Among the records below, find the line with "Easter decorated cookies" and the line with "a bedroom with". Set down both and every line between, exactly and with no pictures, but nothing else.

Material for this task
=== Section Start ===

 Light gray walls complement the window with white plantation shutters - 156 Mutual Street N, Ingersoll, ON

=== Section End ===
=== Section Start ===

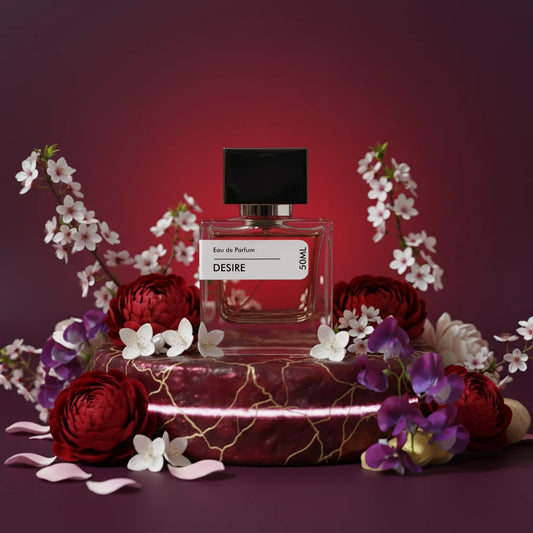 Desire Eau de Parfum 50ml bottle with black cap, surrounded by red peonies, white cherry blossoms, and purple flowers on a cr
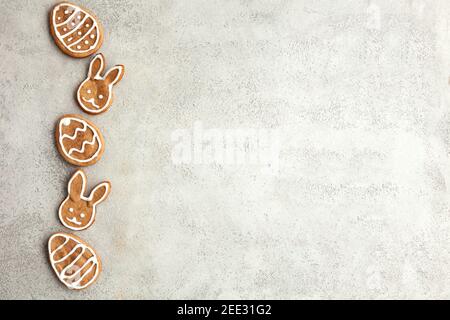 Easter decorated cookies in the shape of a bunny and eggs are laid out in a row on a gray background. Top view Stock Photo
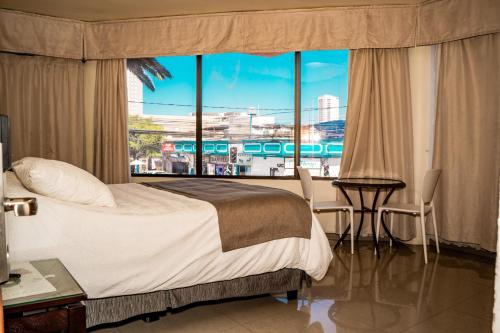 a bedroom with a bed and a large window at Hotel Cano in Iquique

=== Section End ===
=== Section Start ===

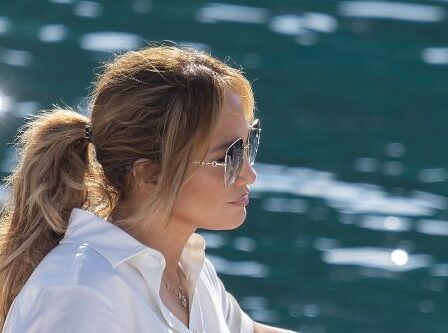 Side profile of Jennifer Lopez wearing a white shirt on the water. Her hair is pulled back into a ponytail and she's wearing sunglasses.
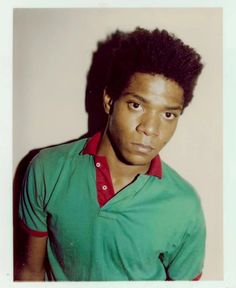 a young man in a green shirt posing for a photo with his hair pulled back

=== Section End ===

Problem solution
 Easter decorated cookies in the shape of a bunny and eggs are laid out in a row on a gray background. Top view Stock Photo
 a bedroom with a bed and a large window at Hotel Cano in Iquique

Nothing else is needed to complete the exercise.